*TASK BRIEF*: Print nothing but the lines below starting at the line that holds "Prediksi togel sydney, prediksi" and ending at the line that holds "V4H5D9C15DA638AA8CE2CBF595283C73552R7435471P3", including both, each exactly as written.

*PROVIDED DATA*:
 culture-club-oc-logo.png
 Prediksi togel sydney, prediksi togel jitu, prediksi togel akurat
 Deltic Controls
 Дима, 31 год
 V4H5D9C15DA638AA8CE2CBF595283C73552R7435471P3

---

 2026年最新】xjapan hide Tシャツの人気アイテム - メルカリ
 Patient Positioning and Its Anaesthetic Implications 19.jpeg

*YOUR RESPONSE*:
 Prediksi togel sydney, prediksi togel jitu, prediksi togel akurat
 Deltic Controls
 Дима, 31 год
 V4H5D9C15DA638AA8CE2CBF595283C73552R7435471P3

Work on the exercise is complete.